--- EXERCISE ---
Across the records, count every line that includes "garden" and give the number by itself.

Short text fragments from websites:

☆ ☆ ☆ ☆ ☆

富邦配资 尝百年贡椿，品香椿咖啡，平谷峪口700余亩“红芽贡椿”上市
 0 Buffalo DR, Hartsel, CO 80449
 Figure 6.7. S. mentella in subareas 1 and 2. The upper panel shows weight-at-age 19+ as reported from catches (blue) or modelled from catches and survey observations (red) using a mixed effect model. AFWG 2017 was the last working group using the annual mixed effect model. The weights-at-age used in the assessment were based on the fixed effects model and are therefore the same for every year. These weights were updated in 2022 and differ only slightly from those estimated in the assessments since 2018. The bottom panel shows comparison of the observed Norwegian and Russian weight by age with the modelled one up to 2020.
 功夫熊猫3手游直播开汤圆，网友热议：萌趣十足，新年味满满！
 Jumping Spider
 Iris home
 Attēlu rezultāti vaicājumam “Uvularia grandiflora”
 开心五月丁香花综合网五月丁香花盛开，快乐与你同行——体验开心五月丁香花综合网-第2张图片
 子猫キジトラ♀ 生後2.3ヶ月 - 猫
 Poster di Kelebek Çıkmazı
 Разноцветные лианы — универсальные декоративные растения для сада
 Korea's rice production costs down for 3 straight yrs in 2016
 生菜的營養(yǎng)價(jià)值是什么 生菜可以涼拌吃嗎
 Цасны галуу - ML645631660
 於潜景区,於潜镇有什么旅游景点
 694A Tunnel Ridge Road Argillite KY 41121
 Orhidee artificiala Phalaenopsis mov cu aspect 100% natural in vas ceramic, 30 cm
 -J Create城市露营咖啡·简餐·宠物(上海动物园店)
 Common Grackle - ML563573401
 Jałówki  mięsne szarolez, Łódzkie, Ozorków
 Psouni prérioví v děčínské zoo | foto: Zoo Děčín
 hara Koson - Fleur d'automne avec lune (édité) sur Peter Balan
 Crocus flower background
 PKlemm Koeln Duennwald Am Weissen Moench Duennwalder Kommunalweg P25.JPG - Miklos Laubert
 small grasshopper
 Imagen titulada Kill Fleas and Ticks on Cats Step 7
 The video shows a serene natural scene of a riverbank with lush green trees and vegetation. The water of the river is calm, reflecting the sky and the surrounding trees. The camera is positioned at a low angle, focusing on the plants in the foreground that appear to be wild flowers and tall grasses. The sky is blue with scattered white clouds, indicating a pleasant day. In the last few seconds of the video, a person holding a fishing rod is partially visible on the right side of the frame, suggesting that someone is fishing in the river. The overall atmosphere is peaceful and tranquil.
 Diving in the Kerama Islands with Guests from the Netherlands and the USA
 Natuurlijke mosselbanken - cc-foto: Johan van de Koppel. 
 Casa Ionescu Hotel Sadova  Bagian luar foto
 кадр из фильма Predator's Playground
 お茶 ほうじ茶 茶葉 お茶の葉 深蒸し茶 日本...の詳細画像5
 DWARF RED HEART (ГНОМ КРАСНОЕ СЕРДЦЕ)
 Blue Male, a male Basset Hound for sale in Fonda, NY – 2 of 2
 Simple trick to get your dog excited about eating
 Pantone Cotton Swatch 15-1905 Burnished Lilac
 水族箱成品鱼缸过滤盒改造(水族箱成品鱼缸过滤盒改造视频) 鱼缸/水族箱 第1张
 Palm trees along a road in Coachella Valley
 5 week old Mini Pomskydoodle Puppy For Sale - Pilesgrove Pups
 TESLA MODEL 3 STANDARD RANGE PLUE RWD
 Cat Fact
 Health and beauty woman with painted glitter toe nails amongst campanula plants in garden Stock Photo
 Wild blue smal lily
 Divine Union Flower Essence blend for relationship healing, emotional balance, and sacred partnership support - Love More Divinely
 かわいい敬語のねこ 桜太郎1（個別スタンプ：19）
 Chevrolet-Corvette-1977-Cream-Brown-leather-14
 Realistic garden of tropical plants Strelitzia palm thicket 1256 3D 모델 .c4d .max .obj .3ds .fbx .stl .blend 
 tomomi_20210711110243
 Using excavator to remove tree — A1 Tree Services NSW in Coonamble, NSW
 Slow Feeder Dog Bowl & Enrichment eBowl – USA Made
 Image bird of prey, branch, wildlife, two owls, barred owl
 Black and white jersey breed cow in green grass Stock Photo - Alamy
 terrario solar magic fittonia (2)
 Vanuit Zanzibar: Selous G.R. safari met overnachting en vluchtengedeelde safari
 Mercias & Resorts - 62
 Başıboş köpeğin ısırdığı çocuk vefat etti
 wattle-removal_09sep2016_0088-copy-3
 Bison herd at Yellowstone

☆ ☆ ☆ ☆ ☆

--- ANSWER TO THE EXERCISE ---
2